You might have already observed, that the function (Word number) -> Word is not the ideal candidate for caching. After all, we are not interested in the Word itself. We only need its hashcode. In light of this, this step uses LinkedHashMap, but with capacity 20 times larger than other caches. We can afford this size, because instead of long strings, we cache only simple integers.
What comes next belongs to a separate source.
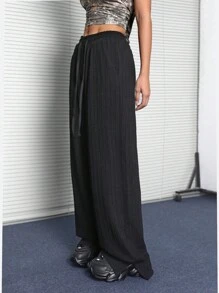 SHEIN EZwear Women's Streetwear Casual Goth Casual Drawstring Waist Straight-Leg Jogger Pants With Textured Fabric - Black - View 3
Executing step: [LinkedHashMap(smart)]                                          
Finished step. Word source: Plain generator. Processor: Cached processor
Word source statistics: No statistics                                   
Processor statistics: Hit count: 11154589, miss count: 845411           
Speed: 448833.03 rows/sec                                               

As expected, this strategy enabled highest speed.

HashMap(soft)

This step is using a very unusual cache. It is again a simple unlimited HashMap, but referenced using Java’s SoftReference. Let’s execute it using -Xmx128m:

Executing step: [HashMap(soft)]                                                                                 
Cache has been garbage collected. Creating empty one.                                                           
Cache has been garbage collected. Creating empty one.                                                           
Cache has been garbage collected. Creating empty one.                                                           
Cache has been garbage collected. Creating empty one.                                                           
Cache has been garbage collected. Creating empty one.                                                           
Cache has been garbage collected. Creating empty one.                                                           
Cache has been garbage collected. Creating empty one.                                                           
-----------------------------------------------------------------------                                         
Finished step. Word source: Cached manually - HashMap - soft reference GC count: 7 . Processor: Simple processor
Word source statistics: Garbage collected: 7 times. Last cache statistics: Hit count: 360050, miss count: 122464
Speed: 172324.66 rows/sec                                                                                       

Usage of SoftReference allowed JVM to garbage collected the whole HashMap. When we found out, we simply created a new empty one. It happened 7 times and we still got a slightly better performance than with Guava or EhCache.

We used this strategy frequently, mostly for defensive reasons. As already mentioned, an OOME crashed whole infrastructure and this was the way how to prevent it. We made educated guesses on how large caches we could afford and we adjusted these estimates further during runtime.

You might ask yourself, why not wrap every value in a separate soft reference. Java comes with a WeakHashMap but not with a SoftHashMap. Guava’s CacheBuilder comes with option for soft values. This approach is not recommended for our use case. A huge number of soft references comes with performance hits. It is therefor preferable to soft reference whole segments of cache or the whole cache itself.

Conclusion

We explored a type of batch application, which processes a huge number of very small input records. We showed, that the most efficient caching can be achieved by avoiding any kinds of AOP proxies and by avoiding reflection based key generation.

In scenarios, where input data is transformed several times, it is advisable to put cache around function compositions, which have smallest possible key sizes and smallest possible value sizes.

If size of caches cannot be determined exactly to prevent OOME errros, than caches referenced via soft references represent a useful defensive mechanism.